Taxation (Implementation)
(International Tax Compliance) (Common Reporting Standard) (Jersey)
Regulations 2015
1 Interpretation
(1) In these Regulations,
unless the context otherwise requires –
“1961 Law” means the Income Tax (Jersey)
Law 1961;
“Agreement” means the Multilateral Competent Authority
Agreement on Automatic Exchange of Financial Account Information signed by the
Government of Jersey on 29th October 2014 in relation to agreements
with Parties to the Convention to improve international tax compliance based on
CRS;
“authorized person” means the Comptroller or any person
authorized by the Comptroller to perform functions under Regulation 20;
“business document” means –
(a) a
document that relates to the carrying on of a business, trade, profession or
vocation by a person and that forms part of a record under an enactment; or
(b) in
the case of a financial institution that does not carry on a business, trade,
profession or vocation, a document that an authorized person believes to be
relevant, or potentially relevant, to determining the compliance of the financial
institution with these Regulations;
“business premises” means –
(a) premises
used in connection with the carrying on of a business, trade, profession or
vocation; or
(b) in
the case of a financial institution that does not carry on a business, trade,
profession or vocation, the address in Jersey –
(i) of
the financial institution, or
(ii) if
the financial institution is a trust, of a trustee;
“Commission” means a Commission of Appeal constituted
under Regulation 16(3);
“Comptroller” means the Comptroller of Revenue;
“Convention” means the Convention on Mutual Administrative
Assistance in Tax Matters which, as amended by the Protocol, entered into force
on 1st June 2011 and was signed on behalf of the United Kingdom as
extended to Jersey, with effect, in respect of Jersey, from 1st June 2014;
“CRS” means the Common Reporting Standard for the
Automatic Exchange of Financial Account Information in Tax Matters as approved
by the Council of the Organisation for Economic Co-operation and Development
(“OECD”) on 15th July 2014 and published on the
OECD’s website;
“Minister” means the Minister for
External Relations;
“participating jurisdiction” means a country or
territory listed in Schedule 2, 3 or 4;
“Party to the Convention” means a country or territory
in respect of which the Convention is in force;
“relevant date” has the meaning in Regulation 2(1);
“relevant year” has the meaning in Regulation 2(2).[1]
(2) These Regulations are
to be construed as having effect for and in connection with the implementation
of the obligations of Jersey arising under the following
agreements –
(a) the
Agreement;
(b) any
other international governmental agreement to which Jersey and another
participating jurisdiction is a party and which provides for the automatic
exchange of tax information.
(3) These Regulations have
effect without prejudice to the Taxation (Implementation)

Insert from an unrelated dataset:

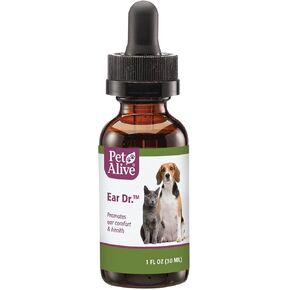 PetAlive Ear Dr. - Natural Ear Drops Promote Ear Comfort and Health in Cats and Dogs - Soothe Ear Discomfort to Reduce Constant Scratching - Keep Pets Ear Canals Clean and Clear - 30 mL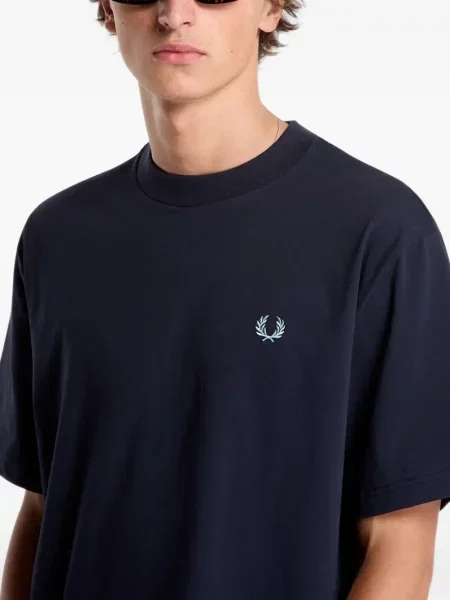Tricou Fred Perry cu imagine albastru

(International Tax Compliance) (United Kingdom) (Jersey) Regulations 2014.
(4) Schedule 1 sets
out words and expressions used in these Regulations which are defined in the
CRS.
(5) A word or expression
used in these Regulations which is defined in the CRS has the meaning given in
the CRS.[2]
(6) The Minister may by
Order amend any of Schedules 2, 3 and 4.
2 Meaning
of “relevant date” and “relevant year”
(1) In these Regulations
“relevant date” for the purposes of Regulation 3(1)
means –
(a) 31st
December 2015, in relation to the participating jurisdictions listed in Schedule 2;
(b) 31st
December 2016, in relation to the participating jurisdictions listed in Schedule 3;
(c) such
date in relation to a participating jurisdiction listed in Schedule 4 as
the Minister may specify by Order under Regulation 1(6) in relation to
that participating jurisdiction.
(2) In these Regulations
“relevant year” for the purposes of Regulations 5
and 8(1) means –
(a) 2016
in relation to the participating jurisdictions listed in Schedule 2;
(b) 2017
in relation to the participating jurisdictions listed in Schedule 3;
(c) such
year in relation to a participating jurisdiction listed in Schedule 4 as
the Minister may specify by Order under Regulation 1(6) in relation to
that participating jurisdiction.
3 Elections
to treat accounts as reportable accounts
(1) Subject to paragraph (3),
an account which is pre-existing entity account with an account balance or
value that does not exceed US $250,000 as of the relevant date is not a
reportable account for a calendar year unless an election by a reporting financial
institution is in force for that year to treat the account as being a reportable
account.
(2) In determining whether
or not an account meets the description in paragraph (1), the reporting
financial institution must apply the account balance aggregation and currency
rules described in VII.C of the CRS.
(3) In applying the rules
referred to in paragraph (2), an account balance that has a negative value
is treated as having a nil value.
(4) An election under paragraph (1)
may be made –
(a) in
relation to all accounts described in paragraph (1); or
(b) in
relation to a clearly identified group of accounts.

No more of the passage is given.